Bogotá, Febrero de 2016

Por Federico Durán Soto

Cartagena de Indias… la sola mención de su nombre respira historia y heroísmo. Noches entre murallas y balcones preciosos desde donde se observan las mismas estrellas que guiaron a tantos corsarios y piratas, amigos y enemigos, conquistadores y colonizadores.

Esta cuna de sueños, libertad e independencia, esta bella esquina en el norte de Colombia ha pasado por una gran restauración arquitectónica durante años y su gran promoción a nivel internacional la ha convertido en un ícono turístico sin igual en Suramérica. Por varias revistas ha sido catalogada como uno de los destinos más románticos del mundo y se necesitarían enciclopedias enteras para describir la riqueza cultural de este bello patrimonio de la humanidad. Cartagena de Indias es ciertamente, uno de los lugares que más quiero y admiro de este país.

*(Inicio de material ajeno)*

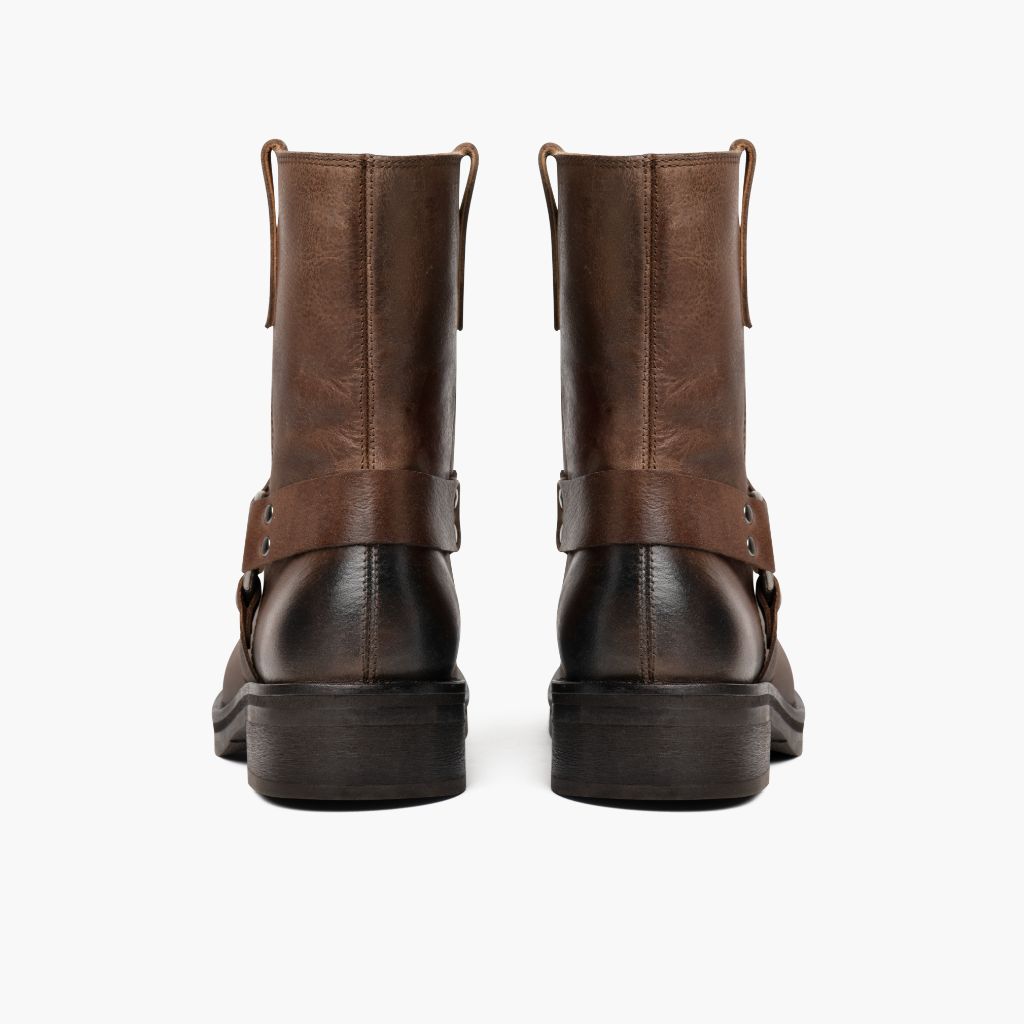 High-Traction Rubber Outsole & Lug Tread Pattern on Outlaw Light Tobacco Nahkasaappaat Naisille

Aunque personalmente no considero a sus playas como su fuerte, anticipo a todos una pequeña excepción. Me referiré entonces a mi reciente experiencia en Playa Blanca- Barú, lugar que visité en lancha hace cerca de diez años y al que decidí volver el pasado miércoles 13 de enero.

Difícilmente alguien me hubiese convencido de que en la plataforma continental colombiana existiera una playa de tal belleza y esplendor. Su mar verde-azulado y turquesa, sus deliciosas y calmadas olas de suave espumar en la cresta, la finura y resplandor de sus blancas arenas supieron embrujar todos mis sentidos la primera vez que la visité. Fue un sentimiento hipnótico y abrumador que a lo largo de los años perduró en mi mente. Que alegría que en esta nueva visita tal belleza escondida en mis recuerdos no me decepcionara.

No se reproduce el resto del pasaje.